Problem to work on
If pictures appear in the lines below, skip them and copy exactly the lines from the one containing "Beste koolhydraatbronnen voor" through the one containing "Luxury Silver Ring", and nothing else.

Input material
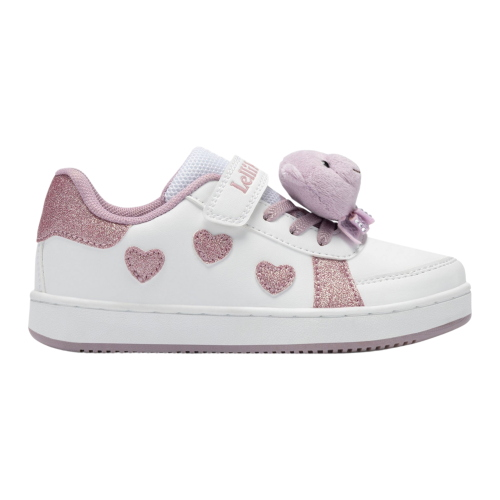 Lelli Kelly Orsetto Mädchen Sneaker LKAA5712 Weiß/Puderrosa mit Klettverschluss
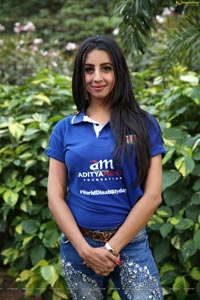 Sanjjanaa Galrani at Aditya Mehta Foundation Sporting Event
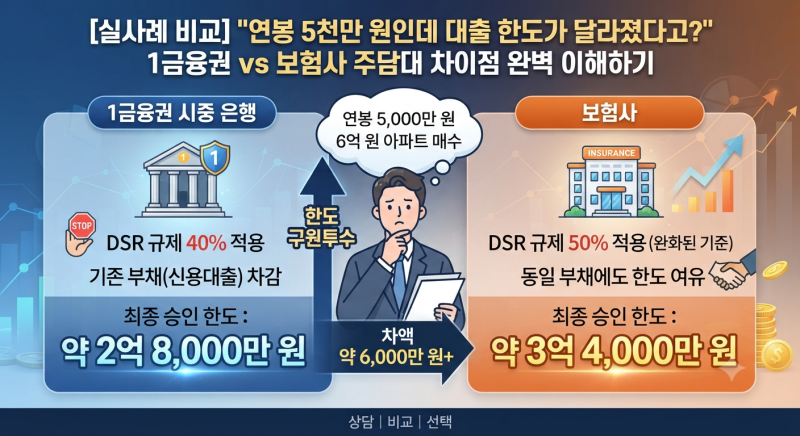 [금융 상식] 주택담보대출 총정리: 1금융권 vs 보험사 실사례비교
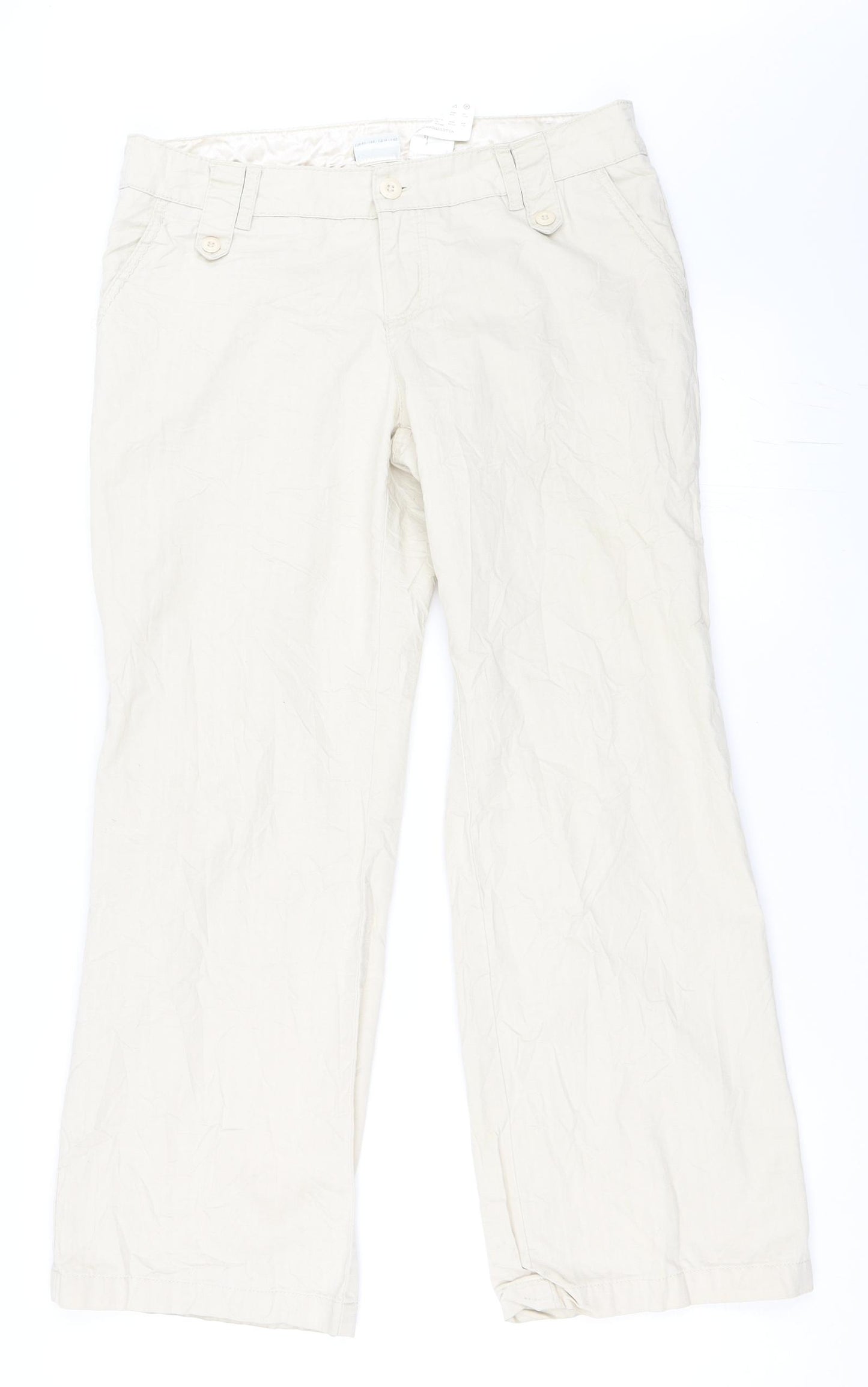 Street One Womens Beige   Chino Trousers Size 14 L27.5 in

* * *

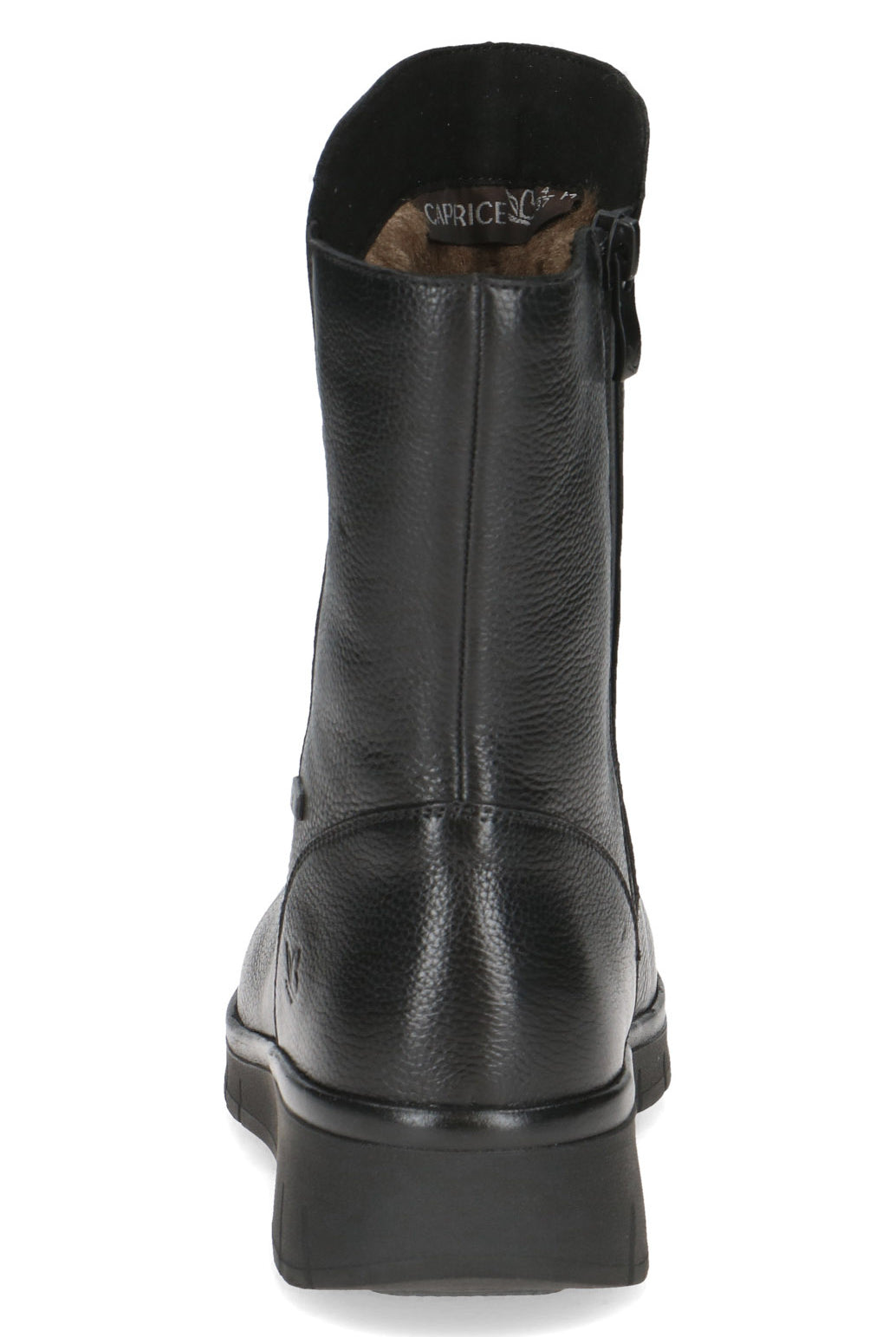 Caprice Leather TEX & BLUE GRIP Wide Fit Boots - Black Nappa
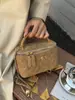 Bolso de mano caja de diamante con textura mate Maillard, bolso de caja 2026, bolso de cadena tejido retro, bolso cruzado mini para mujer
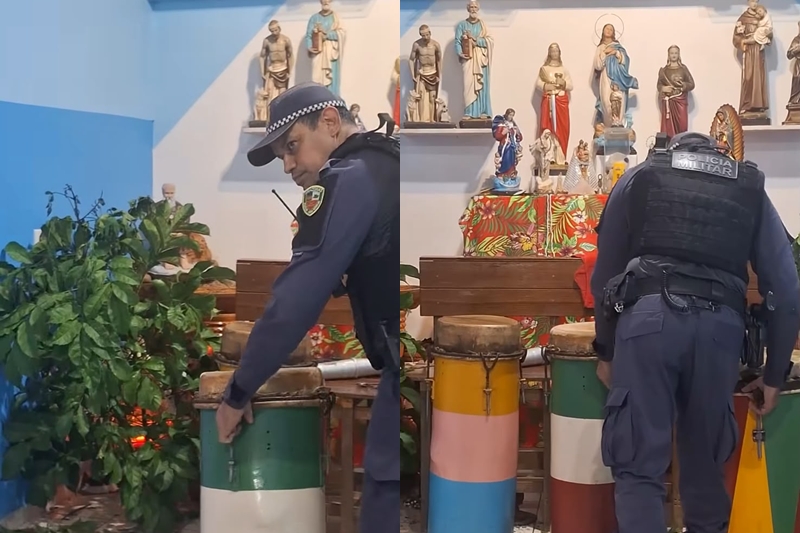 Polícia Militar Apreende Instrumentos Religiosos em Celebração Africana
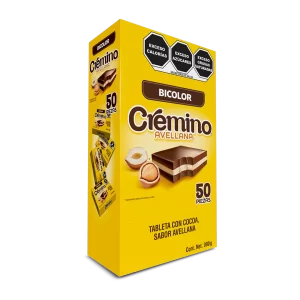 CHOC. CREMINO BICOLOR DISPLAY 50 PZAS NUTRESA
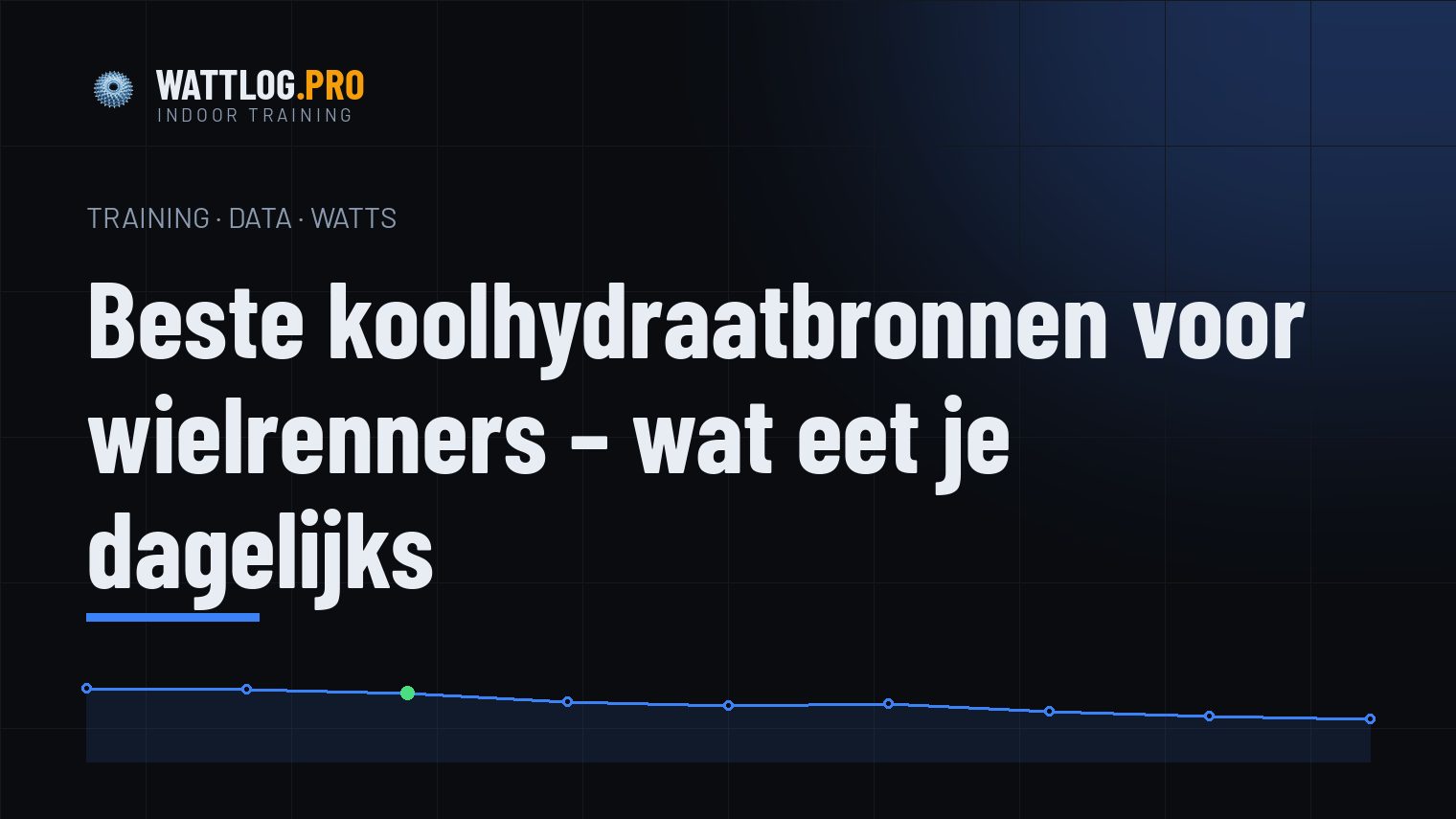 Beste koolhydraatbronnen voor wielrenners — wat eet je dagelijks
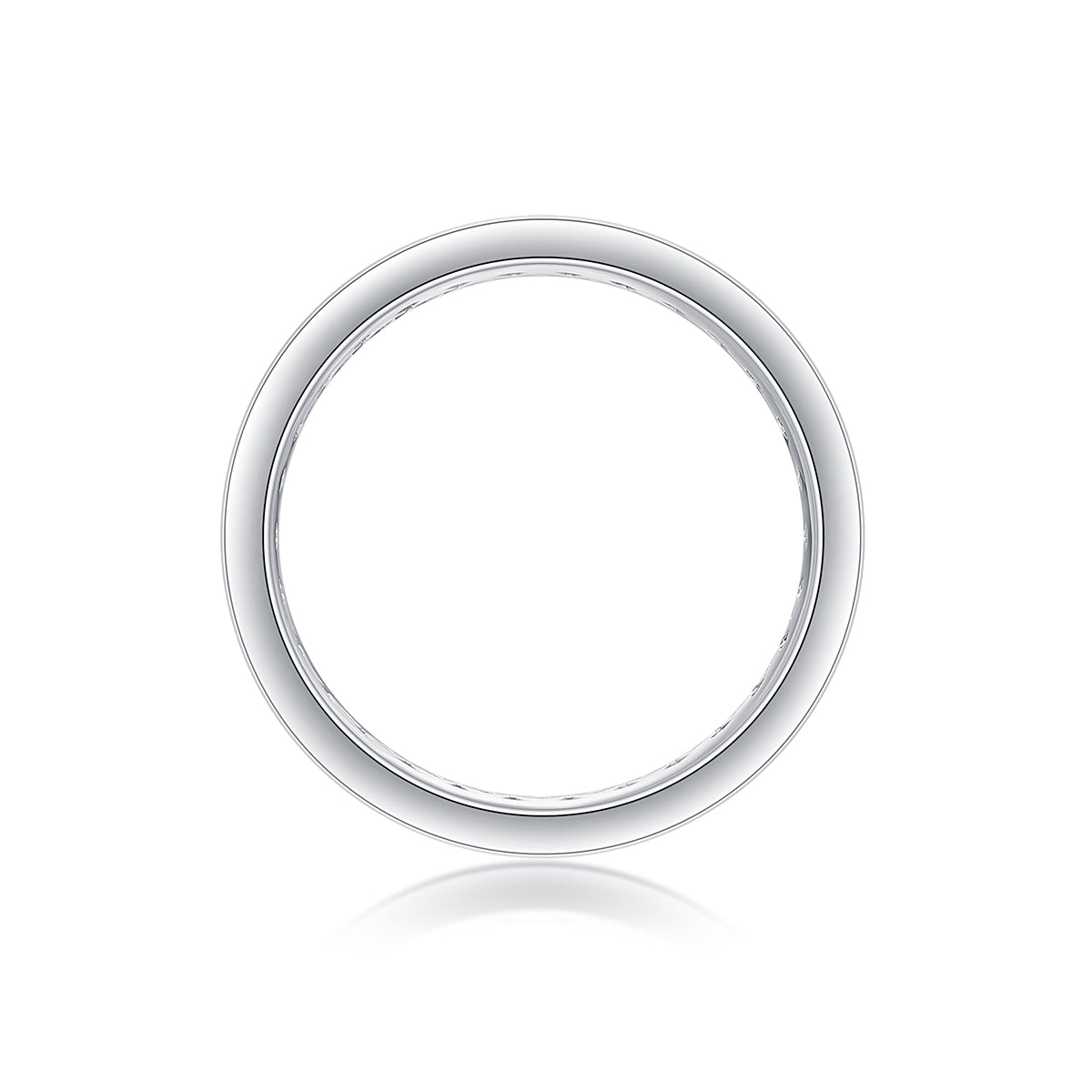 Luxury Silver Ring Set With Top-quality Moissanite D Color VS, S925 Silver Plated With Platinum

Answer to this exercise
 Beste koolhydraatbronnen voor wielrenners — wat eet je dagelijks
 Luxury Silver Ring Set With Top-quality Moissanite D Color VS, S925 Silver Plated With Platinum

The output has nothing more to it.